Exercise description |
From the line containing "Talonpoikaistalo, 1859, Werner Holmberg" to the end of the data, retype every line exactly and nothing else. Drop the pictures.

Dataset excerpt |
-------
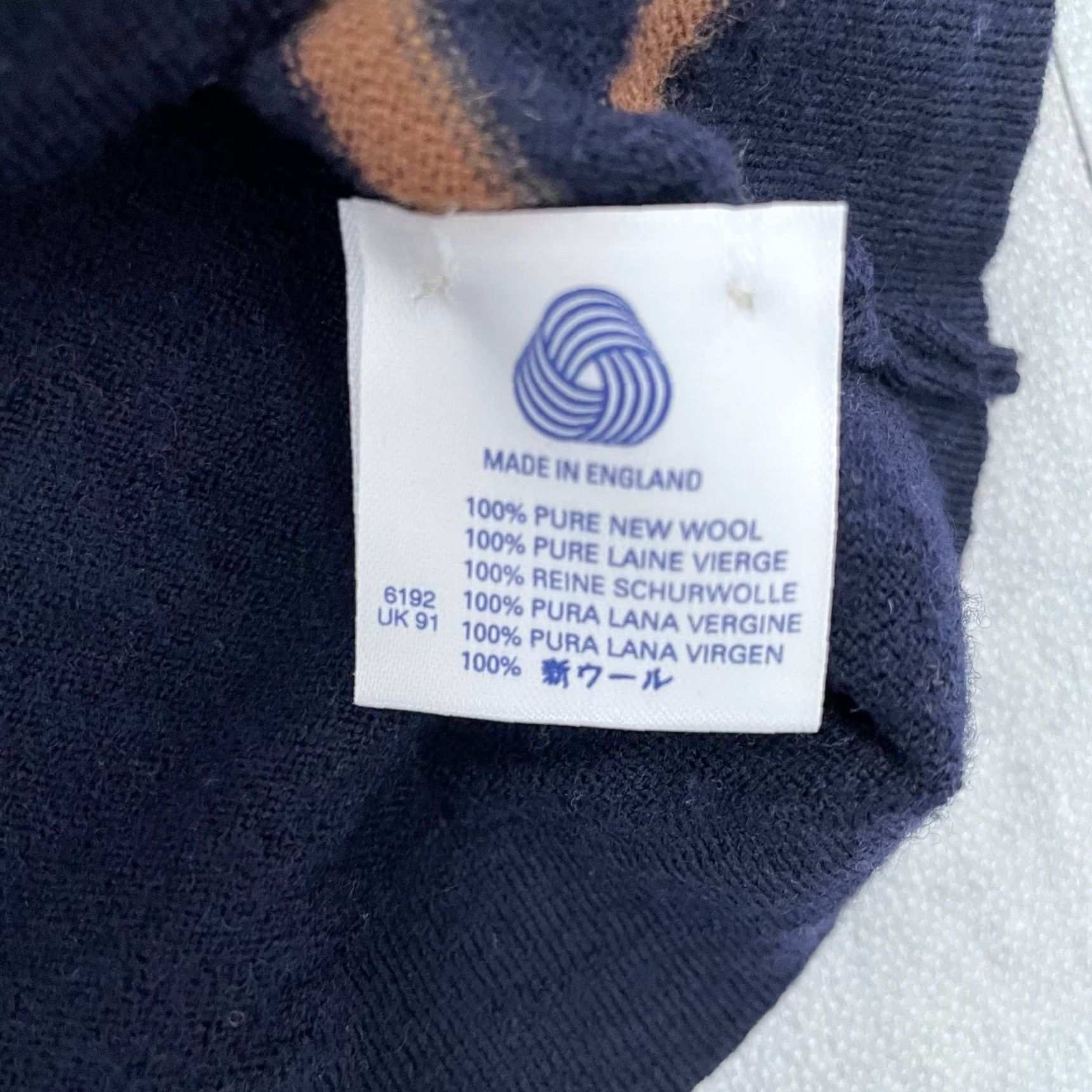 Vintage VINTAGE Tuttle Golf Sweater Shirt Adult Medium Blue Wool England Knit Mens M Size US M / EU 48-50 / 2 - 5 Thumbnail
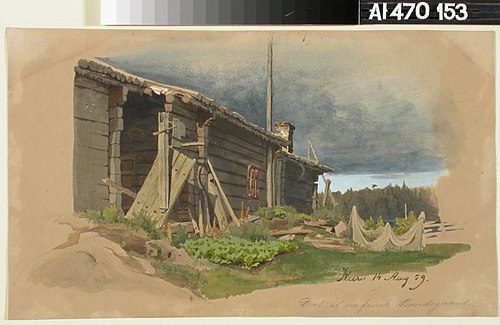 Talonpoikaistalo, 1859, Werner Holmberg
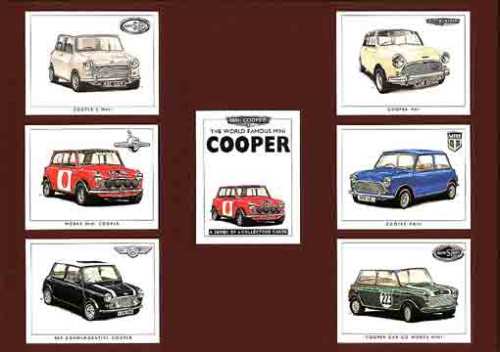 Golden Era - Set Of 7 Mini Cooper Cards - 1994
-------
Worked solution |
 Talonpoikaistalo, 1859, Werner Holmberg
 Golden Era - Set Of 7 Mini Cooper Cards - 1994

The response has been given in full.